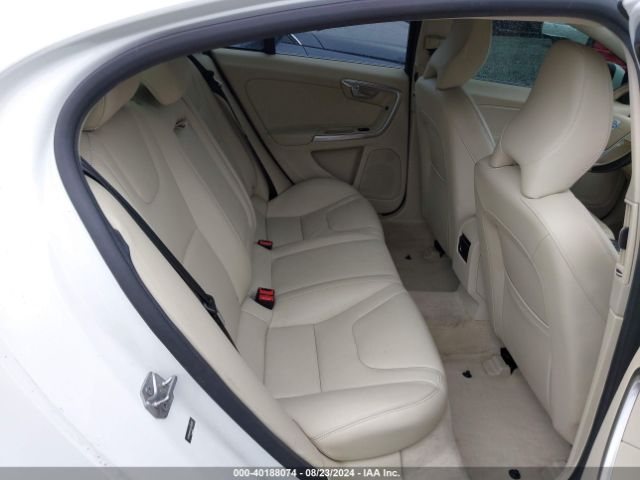 YV126MFK0G2395605 Volvo S60 T5 Drive-e Premier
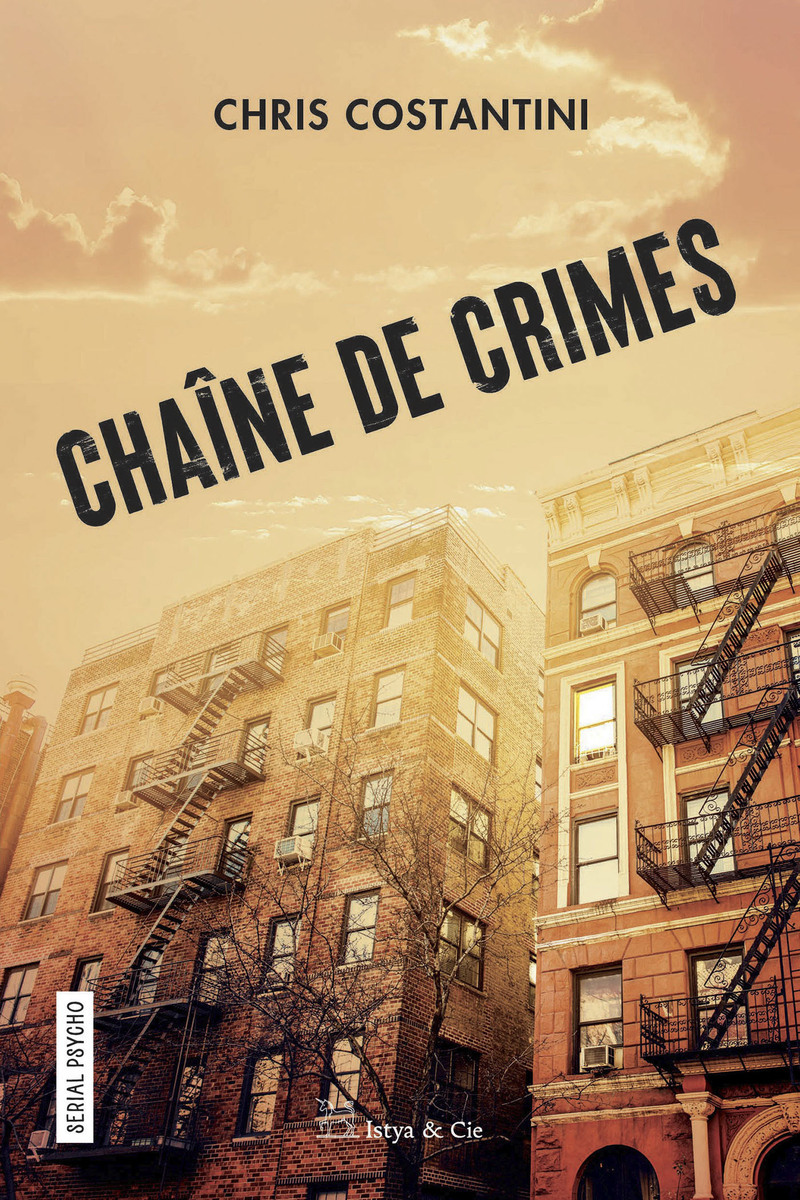 Chaîne de crimes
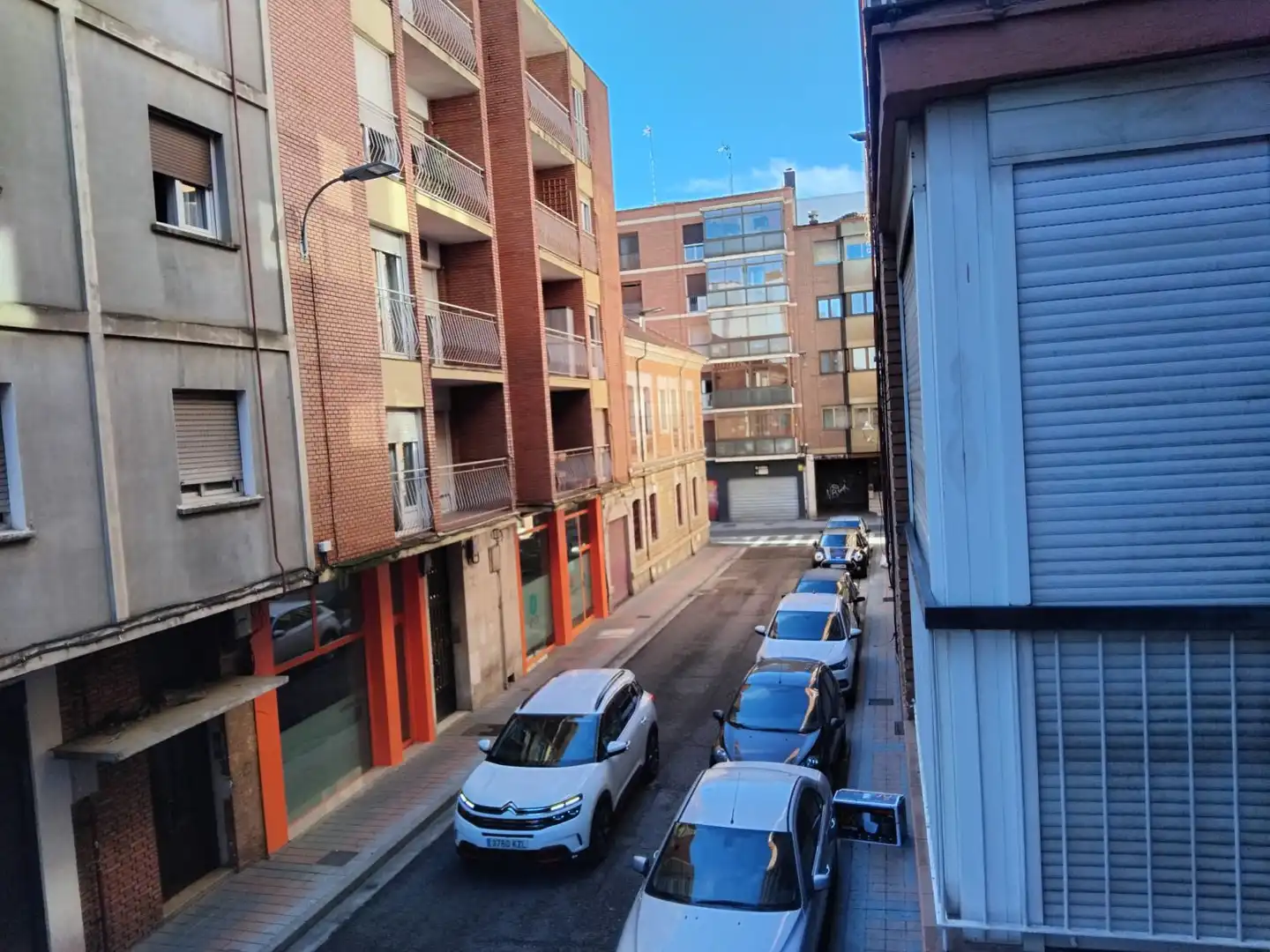 Appartamento con ascensore in vendita a La bondad, imagen 7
****
▸ **TASK BRIEF**: Output the material above word for word. Leave out its images.

▸ **SOLUTION FOR THIS EXERCISE**:
 YV126MFK0G2395605 Volvo S60 T5 Drive-e Premier
 Chaîne de crimes
 Appartamento con ascensore in vendita a La bondad, imagen 7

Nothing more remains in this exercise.